The Puzzling Linearity of COVID-19

2020-04-23 at 3:08 pm 10 comments

We all understand how the total number of cases of COVID-19 and the total number of deaths due to COVID-19 are expected to grow exponentially during the early phase of the pandemic — every infected individual is in contact with others, who are unlikely to themselves be infected, and on average infects more than one of them, leading to the number of cases growing by a fixed percentage every day. We also know that this can’t go on forever — at some point, many of the people in contact with an infected individual have already been infected, so they aren’t a source of new infections. Or alternatively, people start to take measures to avoid infection.

So we expect that on a logarithmic plot of the cumulative number of cases or deaths over time, the curve will initially be a straight line, but later start to level off, approaching a horizontal line when there are no more new cases or deaths (assuming the disease is ultimately eliminated). And that’s what we mostly see in the data, except that we haven’t achieved a horizontal line yet.

On a linear plot of cases or deaths over time, we expect an exponentially rising curve, which also levels off eventually, ultimately becoming a horizontal line when there are no more cases or deaths. But that’s not what we see in much of the data.

Instead, for many countries, the linear plots of total cases or total deaths go up exponentially at first, and then approach a straight line that is not horizontal. What’s going on?

Before trying to answer this question, I’ll first illustrate the issue with some plots taken from

Here’s the linear plot of cases in the UK:

We see how the initial exponential rise changes into a linear rise from about April 3. We can also look at the daily number of cases:

From around April 3, the initial exponential rise in new cases changes to an approximately constant number of new cases each day.

It’s the same for deaths, with a small time lag:

Browsing around worldometers shows that the plots for many (though not all) countries are similar.  For instance, Canada:

And the United States:

It’s not too hard to come up with a reason for the number of cases to rise linearly. One need only assume that the country has a limited, and fixed, testing capacity. Once the number of probable cases reaches this capacity, the number of confirmed cases can’t rise any faster than they can be tested, so even if the true number of cases is still rising exponentially, the number of reported cases rises only linearly. Now, one might instead think that testing capacity is being increased, or that cases are being reported as COVID-19 based on symptoms alone, without a confirming test, so this isn’t a completely convincing reason for linearity. But considering that the relationship of number of reported cases to number of actual cases may be rather distant, it’s maybe not too interesting to think about this further.

A linear rise in the number of deaths seems harder to explain.

The analogue of limited testing capacity would be limited hospital capacity. But for that to produce a linear rise in reported deaths, we’d need to assume not only that hospital capacity has been exceeded (which seems not to be true in most places) but also that only the deaths from COVID-19 that occur in hospitals are reported.

It’s possible to imagine situations where the true number of deaths rises exponentially at first, but then linearly. For example, people could live along a river. Infections start among people at the river’s mouth, and expand exponentially amongst them, until most of them are infected. It also spreads up the river, but only by local contagion, so the number of deaths (and cases) grows linearly according to how far up-river it has spread.

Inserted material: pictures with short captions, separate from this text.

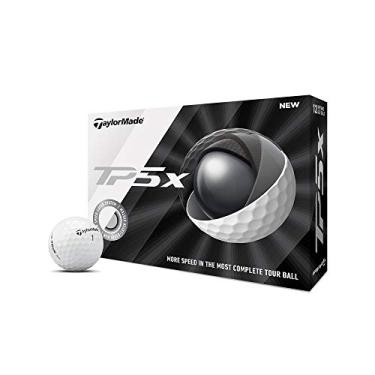 Imagem de TaylorMade Bolas de golfe TP5x (uma dúzia), branca, grande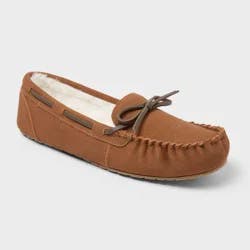Women's Bria Moccasin Slipper - Auden™ Chestnut 10
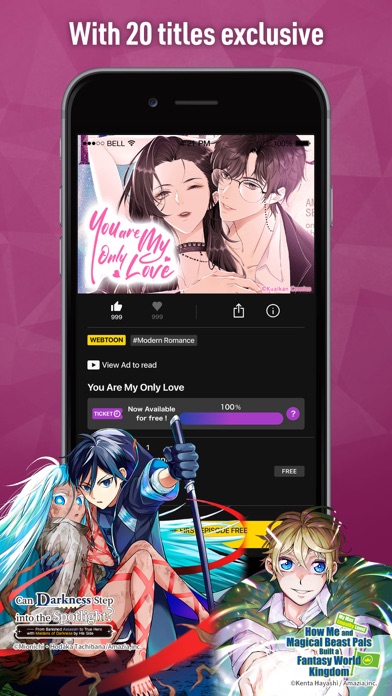 MANGA BANG! manga & webcomic screenshot 1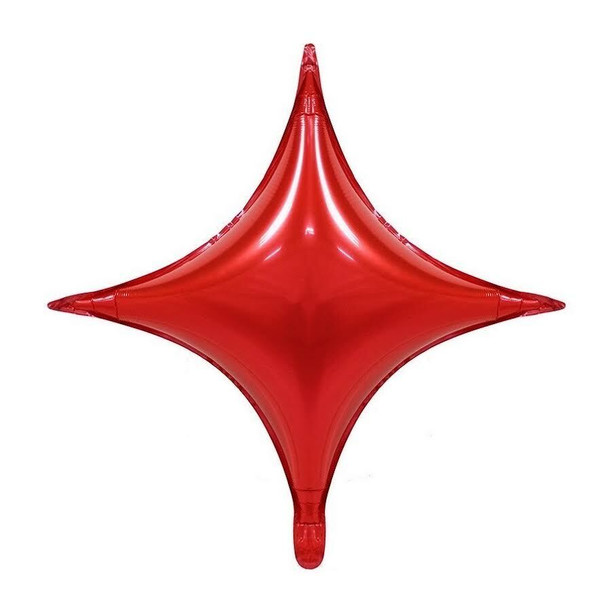 26"I 4 Point Star Red flat (10 count)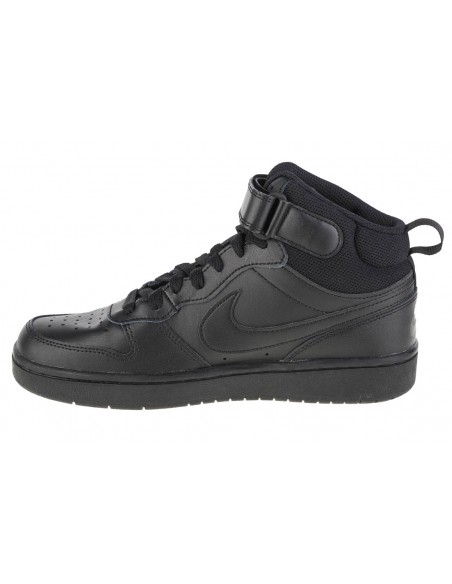 Nike Αθλητικά Παιδικά Παπούτσια Court Borough Mid 2 Gs Μαύρα CD7782-001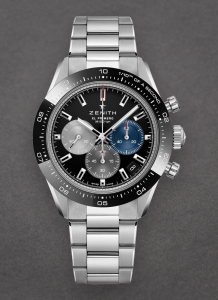 Zenith 03.3100.3600/21.M3100 Chronomaster Sport 41mm in Steel with Black Bezel 03.3100.3600/21.M3100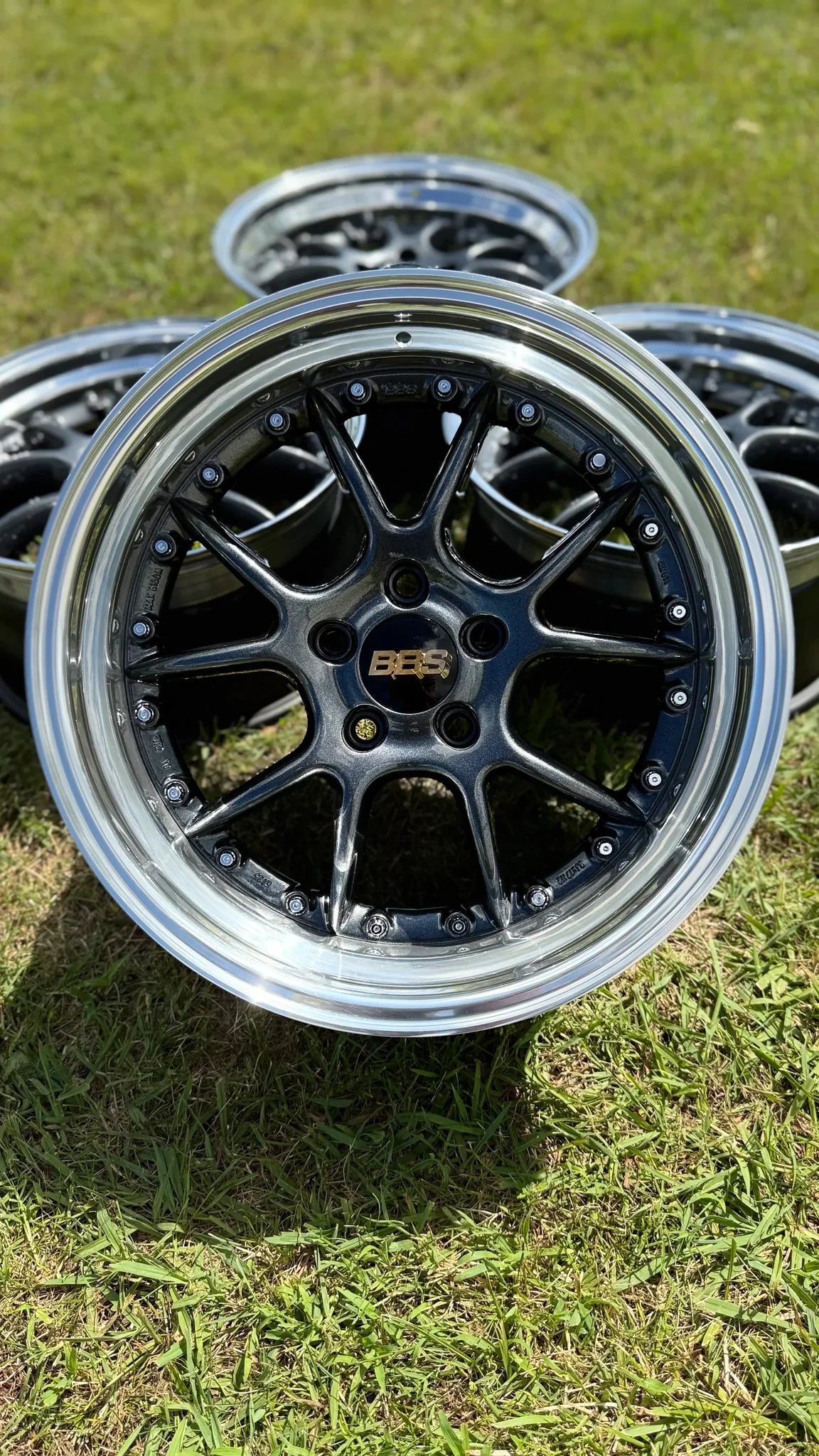 BBS RK2 - 18" Staggered - 5x120 (3-piece)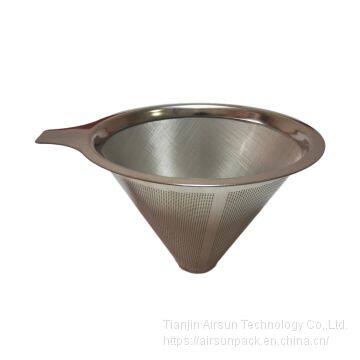 Filter Coffee Coffee Filter Reliable Stainless Steel Drip Cone Filter Coffee Reliable Stainless Steel Drip Cone Filter Coffee photo-2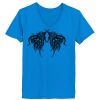 Ladies’  Junior Fine Jersey V-Neck Longer Length T-Shirt Thumbnail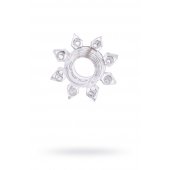 Прозрачное гелевое эрекционное кольцо-звезда - Toyfa Basic - в Махачкале купить с доставкой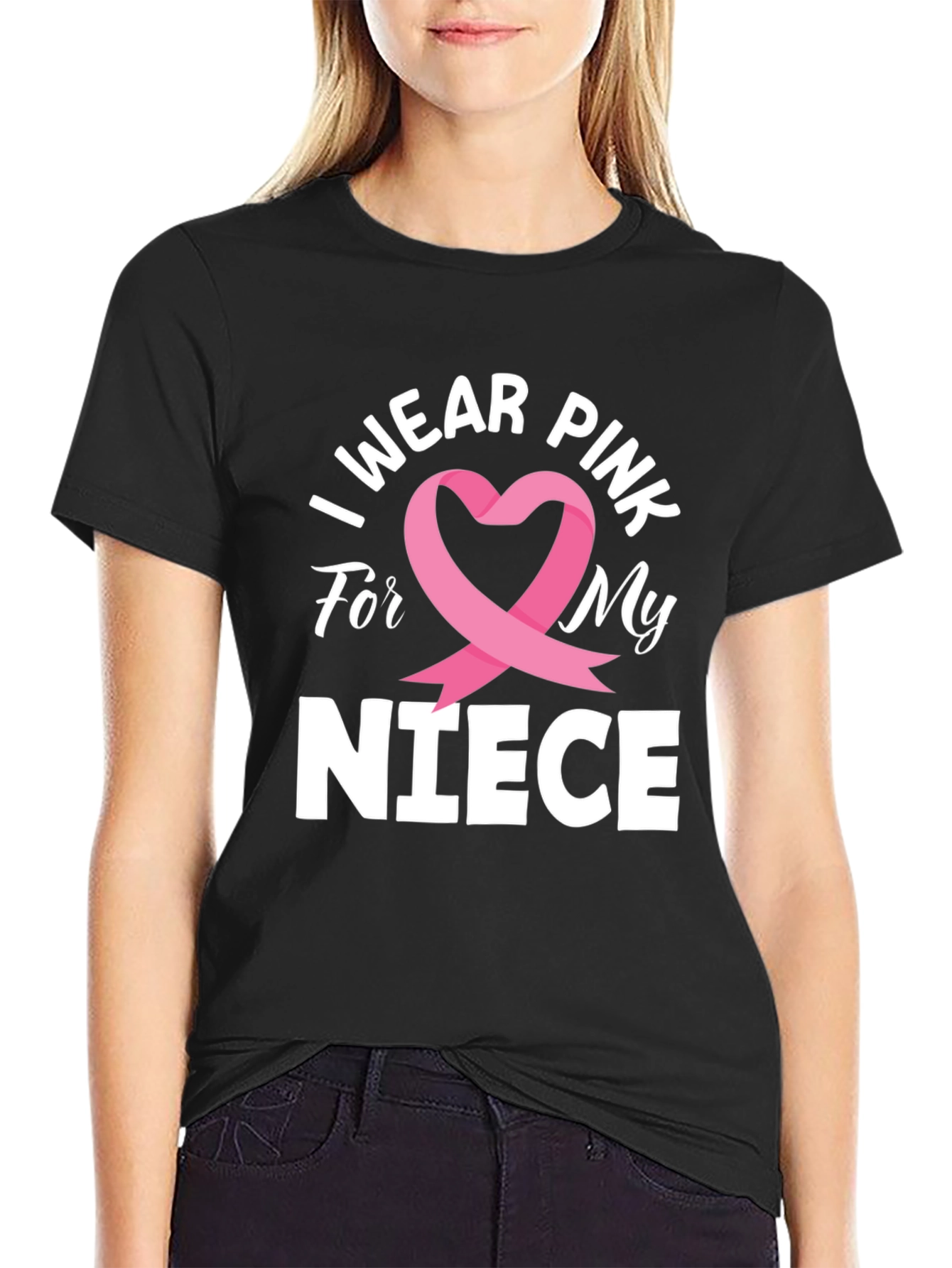 I Wear Pink For My Niece T-Shirt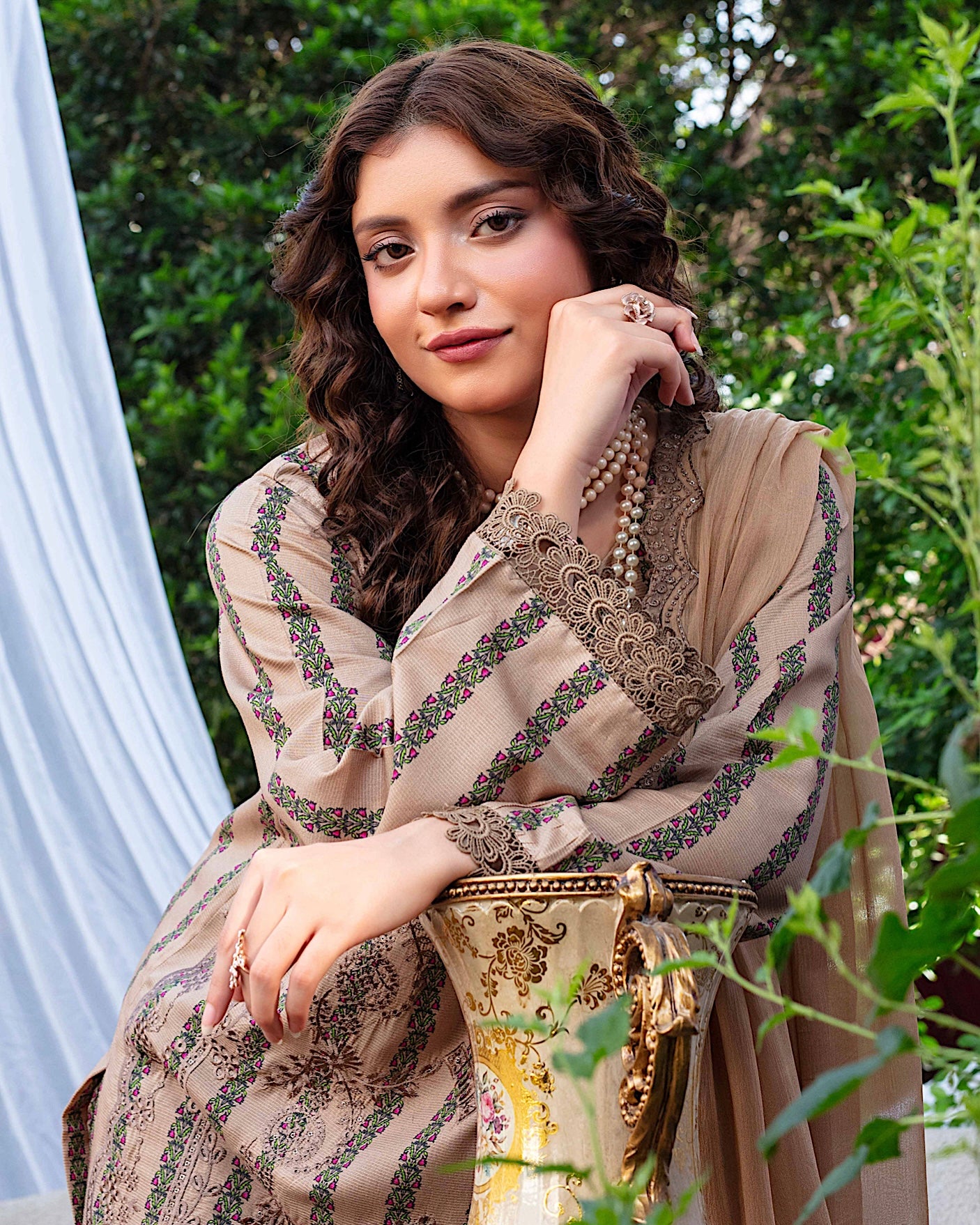 GulleRukh Amal | Embroidered Viscose Pure Dupatta | Design 4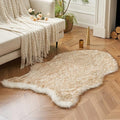 MIULEE 3x5 Feet Faux Fur Sheepskin Rug, Luxury Fluffy Area Rugs by MIULEE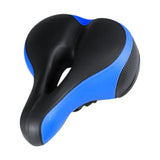 Maxbell Bicycle Seat Memory Foam Padding Simple Assembly Accessories Shock Absorbing Blue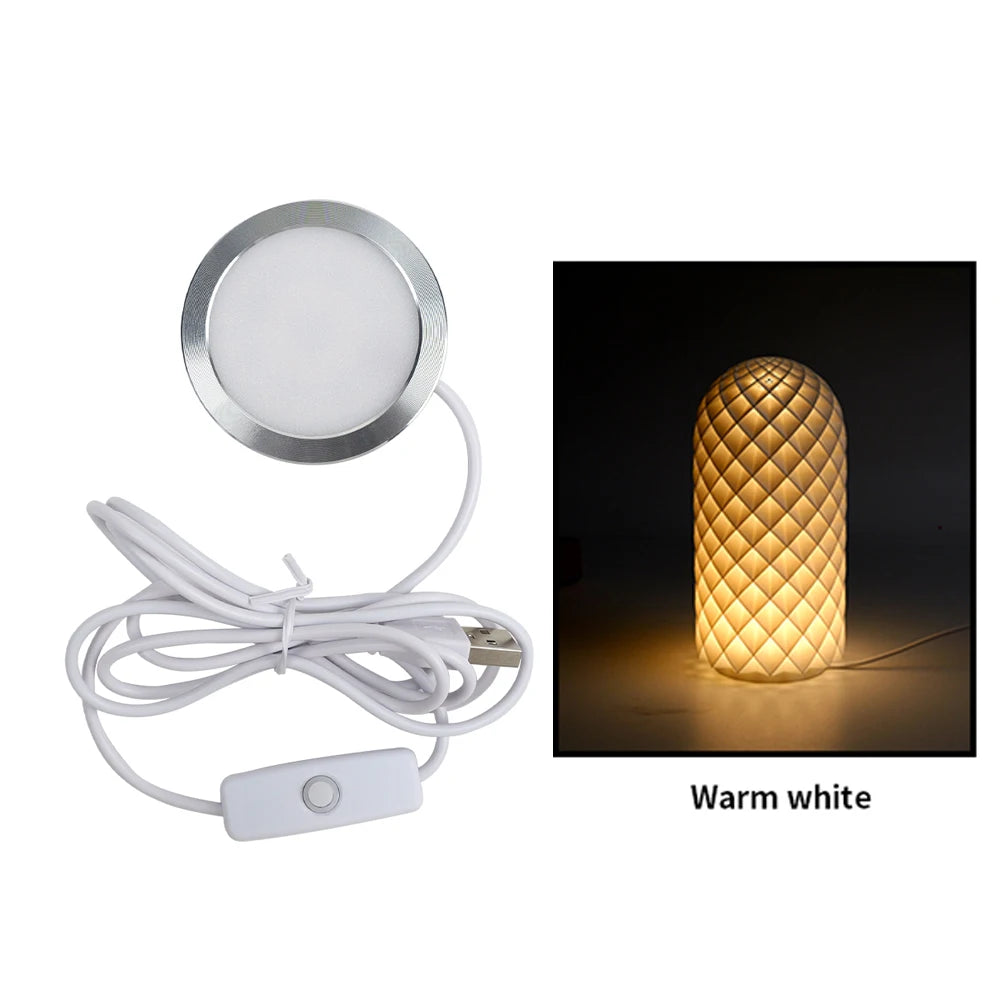 For Bambu Lab Led Lamp Kit 001 3D Printing DIY Model LED Lamp Kit 3D Printing Parts Led Lamp Kit 001 Rechargeable For Bambu Lab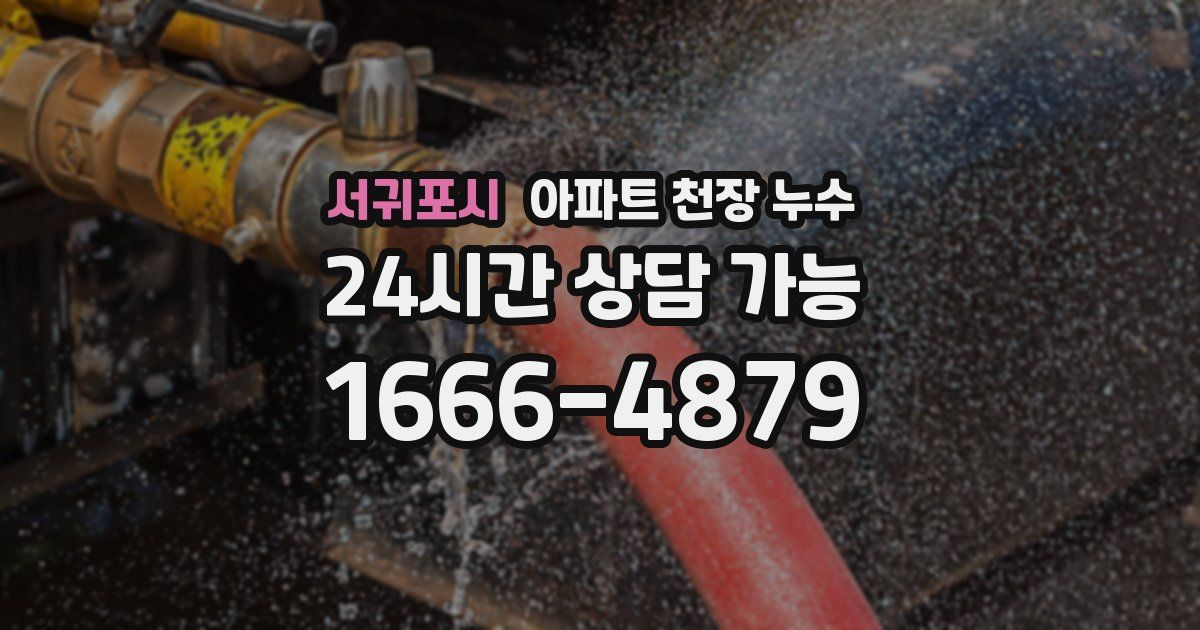 서귀포시 아파트 천장 누수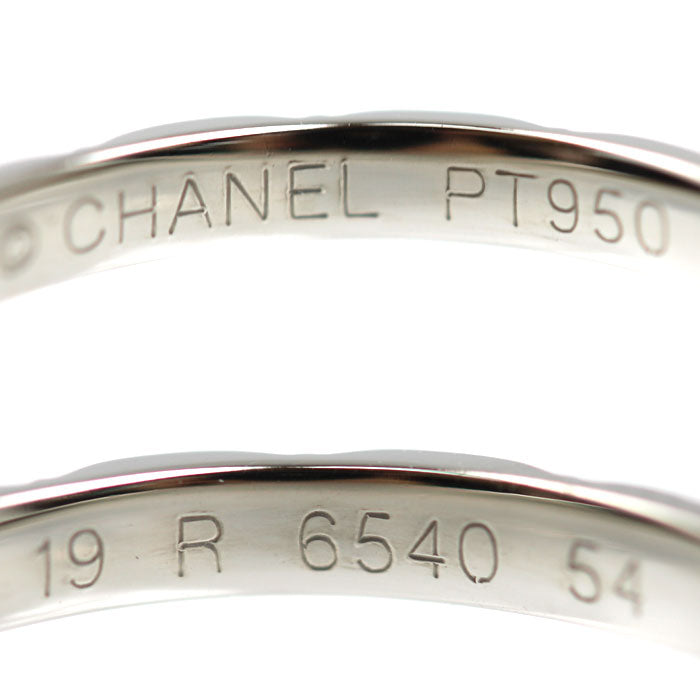 CHANEL シャネル Pt950プラチナ マトラッセ リング・指輪 13.5号 54 3.1g レディース【中古】【美品】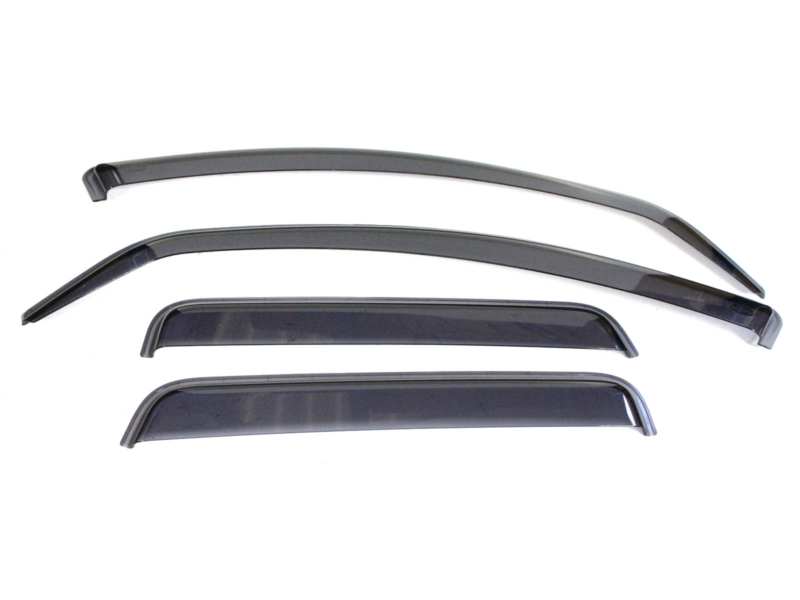 SZATUNA Luftabweiser 698777 Front+Heckset (4 PCs), Dacia Duster, 5 Türen, 2010-2017, können in Gummisiegel nicht klebrig installiert werden. Geprägte Form. Im Durchschnitt 7 cm breit. Es geht durch die gesamte Länge des Fensterrahmens. Transparente Rauchfarbe. Boxinhalt: 1 Set (vorne+hinterher) Luftabweiser, Zeichnungsanweisungen, Befestigungselemente.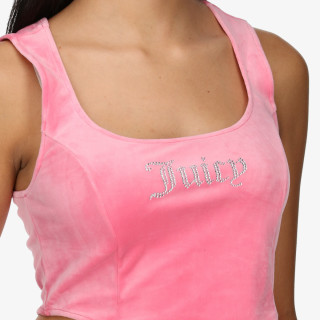 Juicy Couture Rövidített póló CAMINA CORSET TOP 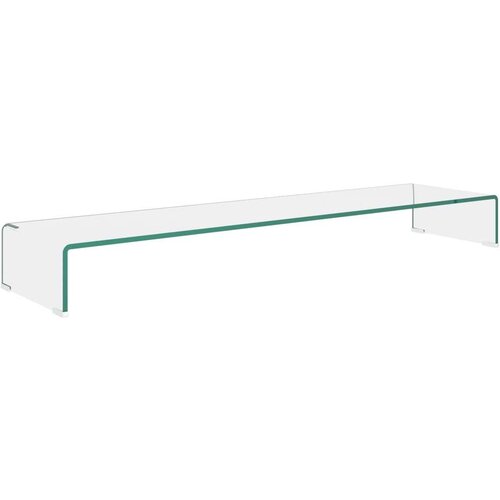 VidaXL Stalak za TV /Monitor Prozirno Staklo 120x30x13 cm Slike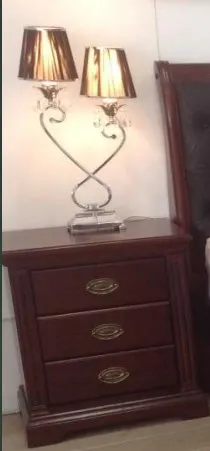 AW Victoria Bedside Table (Bungundy) - American Grandis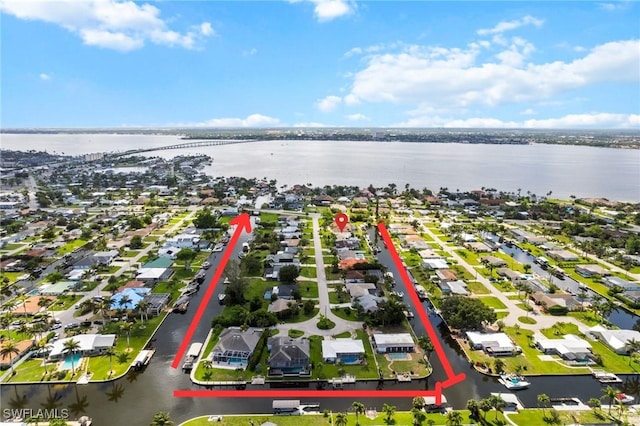 1442 Wellington Ct, Cape Coral, FL 33904 - aerial view of residential area featuring a nearby body of water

This scenario, however, seems nothing like what we would expect in almost all countries.

Most countries have taken various measures to slow the spread of COVID-19. We might expect that in some countries, these measures are insufficient, and that the growth in total deaths (and daily deaths) is still exponential, just with a longer doubling time. We might expect that in some other countries, the measures are quite effective, so that the number of new deaths is now declining exponentially, with the plot of total deaths levelling off to a horizontal line. To get a linear growth in number of deaths, the measures taken would need to be just effective enough, but no more, that they lead to a constant number of deaths per day, neither growing or shrinking. Considering that various disparate measures have been taken, it seems like an unlikely coincidence for their net effect to just happen to be a growth rate of zero.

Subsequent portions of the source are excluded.